Since Monday countless Americans, and presumably people from other countries as well (I’m not sure because I don’t know how to check) were raptured as Jesus began his second coming round-up. For thousands of years, or at least since 1830, many Christians have believed that Jesus was going to descend from heaven to rapture his church. Jesus’ church is generally considered anyone who professes their faith and love in the lord and is white, protestant and republican and owns at least one horrific winter sweater. Most had assumed that the rapture would be an instantaneous, co-ordinated event, but so far it looks like it’s going to be a long process, at least based on the early pattern.
The loved ones who have been left behind by those missing are predictably remorseful. Norma Jean Druitt, widow of William ‘Buck’ Druitt issued the following statement to the media: “On Wednesday night we went to our separate bedrooms, him being a Leno man and me not being sexually attracted to him in the least and when I got up Thursday morning he’d been raptured away. The only things left in his rooms were his bible, dentures, bedclothes and body. But ol’ Bill was gone, any fool could tell that. All those years that bastard went on and on bout Jesus… I shoulda listened.”
The Druitt’s weren’t the only ones caught up in this strange, supernatural phenomenon that swept the country however. Sharon Pearson watched as her husband was raptured right before her eyes. “One minute he was ranting on about George Soros and the anti-Semitic Semitic progressive socialist movement and drinking a Diet Dr. Pepper and the next he was grabbing at his chest as if in love, and acknowledging Jesus’ presence by saying, “Oh Jesus Oh Jesus Owwww Shit.” Then he fell down on his face and was…. gone, just gone.”
Most Christians had erroneously believed that when they were raptured they’d be taken bodily to heaven, getting to avoid the reality of a physical death, but they were wrong, dead wrong, in all but a few mysterious cases. In one such instance a teenager, staying with his slutty girlfriend in a creepy little cabin deep in the woods told the slut that he’d heard a strange noise ‘out there’ and was ‘going to check it out.’
Coincidentally, the only other instances where the body was also physically raptured were all preceded by a cryptic message uttered from the soon-to-be rapturee the last time they were seen.
“I’ll bet you five dollars I can swim across this fucker.”
“There seems to be something stuck in the wood chipper Matty, let me call you back.”
And, “Dude, have you ever mixed Ketamine with PCP?”
Were all among last words uttered by the vanished.
In the strangest case of all, the man who made himself rich and famous by wrongly predicting the rapture in both 1994 and May 2011, and who subsequently re-re-prophesized the event for October 2011 has been partially raptured.
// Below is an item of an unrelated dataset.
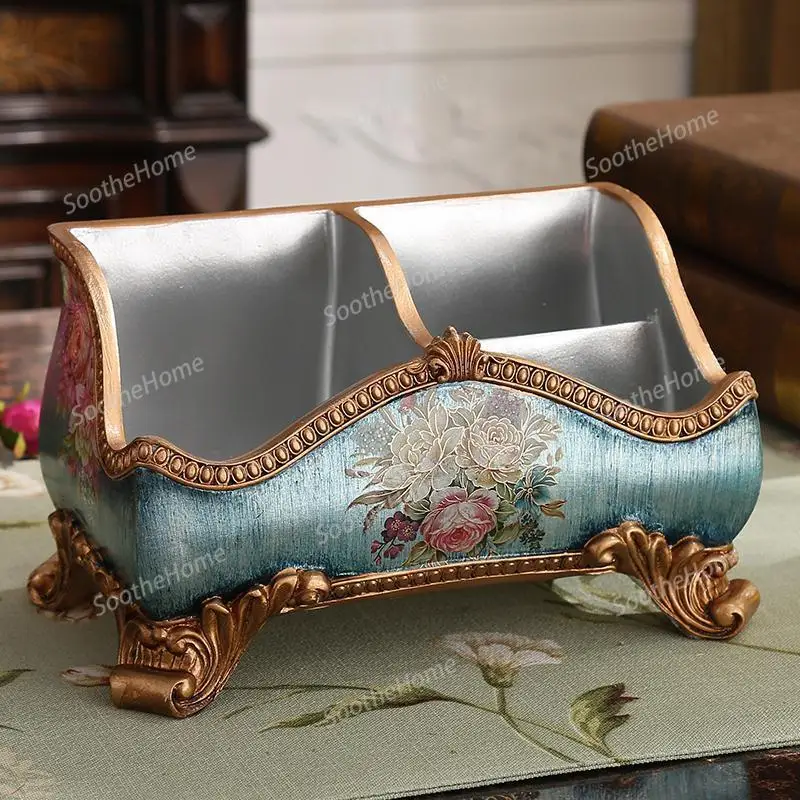 Creative European-style Storage Box Ornaments, Retro Remote Control Boxes, Storage Boxes, Desk Decoration Home Accessories
Creative European-style Storage Box Ornaments, Retro Remote Control Boxes, Storage Boxes, Desk Decoration Home Accessories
It seems only the right side of his face and partial use of his right arm and penis were raptured.
PS- I know that you guys are probably getting tired of all the rapture all the time on this blog so I swear this is the last one. Unless, you know… something comes up.
PPS- Everything that I have against modern/right wing Christianity is perfectly exemplified in this one thread. I may make fun of Camping and others but these good Jesus people are just orgasmic that he had a stroke. They are the epitome of unconsious evil. And schadenfreude.